Enfin, nous avons, pour noyer
Le vertige dans le délire,
Nous, prêtre orgueilleux de la Lyre,
Dont la gloire est de déployer
L'ivresse des choses funèbres,
Bu sans soif et mangé sans faim !...
- Vite soufflons la lampe, afin
De nous cacher dans les ténèbres !
Oui, duc, nous sommes beaux, et nous avons l'amour
Dans les yeux, et l'esprit sur le front ! Un beau jour,
Car il faut bien que tout, même le mal, finisse,
Bref, après avoir eu la fièvre et la jaunisse,
Après avoir aimé fort peu, beaucoup haï,
Après avoir menti, trompé, triché, trahi,
Fait rage ; après un tas de choses mal agies,
Nuits au tripot, brelans, lansquenets, tabagies,
Nous crevons. Vils faquins que l'orgueil étouffait !
Et nous ne savons plus ce que nous avons fait
De notre âme, l'ayant derrière nous semée
Au hasard, dans cette ombre et dans cette fumée.
L'homme, fausse monnaie, écu sinistre et noir,
Et que Satan changeur souvent cloue au comptoir,
Sequin que la mort garde en paiement de l'orgie,
Est du néant que Dieu marque à son effigie.
VIII.

Voilà ce qu'on a vu ! l'histoire le raconte,
Et lorsqu'elle a fini pleure, rouge de honte.

Quand se réveillera la grande nation,
Quand viendra le moment de l'expiation,
Glaive des jours sanglants, oh ! ne sors pas de l'ombre !
Non ! non ! il n'est pas vrai qu'en plus d'une âme sombre,
Pour châtier ce traître et cet homme de nuit,
A cette heure, ô douleur, ta nécessité luit !
Souvenirs où l'esprit grave et pensif s'arrête !
Gendarmes, sabre nu, conduisant la charrette,
Roulements des tambours, peuple criant : frappons !
Foule encombrant les toits, les seuils, les quais, les ponts,
Grèves des temps passés, mornes places publiques
Où l'on entrevoyait des triangles obliques,
Oh ! ne revenez pas, lugubres visions !
Ciel ! nous allions en paix devant nous, nous faisions
Chacun notre travail dans le siècle où nous sommes,
Le poète chantait l'oeuvre immense des hommes,
La tribune parlait avec sa grande voix,
On brisait échafauds, trônes, carcans, pavois,
Chaque jour décroissaient la haine et la souffrance,
Le genre humain suivait le progrès saint, la France
Marchait devant, avec sa flamme sur le front ;
Ces hommes sont venus ! lui, ce vivant affront,
Lui, ce bandit qu'on lave avec l'huile du sacre,
Ils sont venus, portant le deuil et le massacre,
Le meurtre, les linceuls, le fer, le sang, le feu,
Ils ont semé cela sur l'avenir. Grand Dieu !

Et maintenant, pitié, voici que tu tressailles
A ces mots effrayants - vengeance ! représailles !

Et moi, proscrit qui saigne aux ronces des chemins,
Triste, je rêve et j'ai mon front dans mes deux mains,
Et je sens, par instants, d'une aile hérissée,
Dans les jours qui viendront s'enfoncer ma pensée !
Géante aux chastes yeux, à l'ardente action,
Que jamais on ne voie, ô Révolution,
Devant ton fier visage où la colère brille,
L'Humanité, tremblante et te criant : ma fille !
Et, couvrant de son corps même les scélérats,
Se traîner à tes pieds en se tordant les bras !
Ah ! tu respecteras cette douleur amère,
Et tu t'arrêteras, Vierge, devant la Mère !

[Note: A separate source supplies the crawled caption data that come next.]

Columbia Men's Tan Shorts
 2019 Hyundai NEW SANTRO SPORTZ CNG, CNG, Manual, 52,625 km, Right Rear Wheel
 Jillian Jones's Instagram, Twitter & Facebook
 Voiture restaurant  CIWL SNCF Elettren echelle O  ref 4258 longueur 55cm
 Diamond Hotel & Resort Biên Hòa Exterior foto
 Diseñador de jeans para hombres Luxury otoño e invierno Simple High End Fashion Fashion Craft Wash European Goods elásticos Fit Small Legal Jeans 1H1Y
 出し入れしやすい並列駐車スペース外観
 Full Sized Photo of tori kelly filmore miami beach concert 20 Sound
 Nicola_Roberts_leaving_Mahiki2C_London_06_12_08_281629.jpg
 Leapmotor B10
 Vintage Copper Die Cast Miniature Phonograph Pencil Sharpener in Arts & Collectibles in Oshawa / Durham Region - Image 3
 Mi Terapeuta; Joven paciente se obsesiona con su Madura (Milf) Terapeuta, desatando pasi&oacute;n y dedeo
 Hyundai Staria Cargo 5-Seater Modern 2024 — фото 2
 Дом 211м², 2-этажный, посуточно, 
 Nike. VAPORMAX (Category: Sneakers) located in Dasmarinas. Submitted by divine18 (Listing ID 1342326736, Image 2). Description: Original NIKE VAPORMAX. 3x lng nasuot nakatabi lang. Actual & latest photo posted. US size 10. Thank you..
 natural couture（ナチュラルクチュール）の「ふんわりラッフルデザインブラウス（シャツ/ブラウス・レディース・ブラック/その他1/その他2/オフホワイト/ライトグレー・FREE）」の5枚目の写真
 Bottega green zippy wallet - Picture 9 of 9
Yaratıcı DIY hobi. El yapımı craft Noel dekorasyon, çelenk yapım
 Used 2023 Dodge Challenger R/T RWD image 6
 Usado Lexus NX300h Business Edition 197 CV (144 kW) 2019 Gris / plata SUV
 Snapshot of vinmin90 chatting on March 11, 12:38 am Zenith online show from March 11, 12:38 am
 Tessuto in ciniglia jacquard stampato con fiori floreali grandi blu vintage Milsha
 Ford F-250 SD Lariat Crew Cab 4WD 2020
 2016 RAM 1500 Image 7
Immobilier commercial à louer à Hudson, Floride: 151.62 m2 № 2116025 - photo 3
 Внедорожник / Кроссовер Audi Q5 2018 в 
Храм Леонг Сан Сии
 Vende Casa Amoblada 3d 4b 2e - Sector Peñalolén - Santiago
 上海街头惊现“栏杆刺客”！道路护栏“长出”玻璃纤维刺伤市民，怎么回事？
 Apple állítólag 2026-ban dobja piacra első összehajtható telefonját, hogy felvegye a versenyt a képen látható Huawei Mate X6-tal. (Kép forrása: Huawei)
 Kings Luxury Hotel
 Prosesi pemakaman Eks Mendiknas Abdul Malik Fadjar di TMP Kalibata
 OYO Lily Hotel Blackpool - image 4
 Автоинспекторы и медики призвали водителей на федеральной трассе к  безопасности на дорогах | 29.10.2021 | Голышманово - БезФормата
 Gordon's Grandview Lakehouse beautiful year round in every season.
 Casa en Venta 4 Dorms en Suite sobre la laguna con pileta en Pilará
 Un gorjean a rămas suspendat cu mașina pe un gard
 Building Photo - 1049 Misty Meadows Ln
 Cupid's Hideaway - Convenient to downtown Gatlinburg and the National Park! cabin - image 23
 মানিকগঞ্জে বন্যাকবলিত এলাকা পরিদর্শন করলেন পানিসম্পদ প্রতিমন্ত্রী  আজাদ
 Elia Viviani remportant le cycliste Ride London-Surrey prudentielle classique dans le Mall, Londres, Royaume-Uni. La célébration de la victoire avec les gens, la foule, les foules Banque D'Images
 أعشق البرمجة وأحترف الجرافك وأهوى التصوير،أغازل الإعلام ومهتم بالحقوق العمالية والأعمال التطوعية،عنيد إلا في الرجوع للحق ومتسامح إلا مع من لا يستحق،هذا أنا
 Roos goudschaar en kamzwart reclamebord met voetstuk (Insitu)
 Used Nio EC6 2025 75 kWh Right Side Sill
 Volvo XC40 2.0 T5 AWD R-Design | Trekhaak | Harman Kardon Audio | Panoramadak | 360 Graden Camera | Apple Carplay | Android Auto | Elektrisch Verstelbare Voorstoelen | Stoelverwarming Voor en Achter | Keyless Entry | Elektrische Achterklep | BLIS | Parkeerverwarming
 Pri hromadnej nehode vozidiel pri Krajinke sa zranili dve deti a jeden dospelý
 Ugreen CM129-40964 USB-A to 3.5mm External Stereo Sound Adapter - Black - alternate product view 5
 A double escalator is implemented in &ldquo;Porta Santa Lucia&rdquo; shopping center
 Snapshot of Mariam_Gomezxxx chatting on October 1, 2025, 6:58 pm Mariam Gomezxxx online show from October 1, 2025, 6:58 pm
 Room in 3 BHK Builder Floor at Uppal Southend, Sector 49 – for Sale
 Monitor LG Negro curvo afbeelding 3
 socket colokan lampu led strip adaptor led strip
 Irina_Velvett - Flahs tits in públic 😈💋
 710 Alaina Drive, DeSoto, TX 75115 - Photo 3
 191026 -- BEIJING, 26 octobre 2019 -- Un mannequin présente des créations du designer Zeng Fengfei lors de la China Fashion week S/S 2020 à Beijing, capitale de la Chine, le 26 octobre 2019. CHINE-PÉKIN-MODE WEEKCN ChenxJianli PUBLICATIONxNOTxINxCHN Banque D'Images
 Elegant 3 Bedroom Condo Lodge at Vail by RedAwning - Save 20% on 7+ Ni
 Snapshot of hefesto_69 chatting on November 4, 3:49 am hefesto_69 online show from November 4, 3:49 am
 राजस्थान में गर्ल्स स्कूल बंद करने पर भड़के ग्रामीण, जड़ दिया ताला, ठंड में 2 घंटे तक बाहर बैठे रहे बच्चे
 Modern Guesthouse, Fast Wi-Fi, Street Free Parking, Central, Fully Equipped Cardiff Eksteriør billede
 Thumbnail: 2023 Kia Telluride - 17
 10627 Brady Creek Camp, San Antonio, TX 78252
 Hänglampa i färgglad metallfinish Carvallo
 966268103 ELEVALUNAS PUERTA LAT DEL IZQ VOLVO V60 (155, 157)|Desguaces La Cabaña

Ô travailleur robuste, ouvrier demi-nu,
Moissonneur envoyé par Dieu même, et venu
Pour faucher en un jour dix siècles de misère,
Sans peur, sans pitié, vrai, formidable et sincère,
Egal par la stature au colosse romain,
Toi qui vainquis l'Europe et qui pris dans ta main
Les rois, et les brisas les uns contre les autres,
Né pour clore les temps d'où sortirent les nôtres,
Toi qui par la terreur sauvas la liberté,
Toi qui portes ce nom sombre : Nécessité !
Dans l'Histoire où tu luis comme en une fournaise,
Reste seul à jamais, Titan quatre-vingt-treize !
Rien d'aussi grand que toi ne viendrait après toi.

D'ailleurs, né d'un régime où dominait l'effroi,
Ton éducation sur ta tête affranchie
Pesait, et, malgré toi, fils de la monarchie,
Nourri d'enseignements et d'exemples mauvais,
Comme elle tu versas le sang ; tu ne savais
Que ce qu'elle t'avait appris : le mal, la peine,
La loi de mort mêlée avec la loi de haine ;
Et, jetant bas tyrans, parlements, rois, Capets,
Tu te levais contre eux et comme eux tu frappais.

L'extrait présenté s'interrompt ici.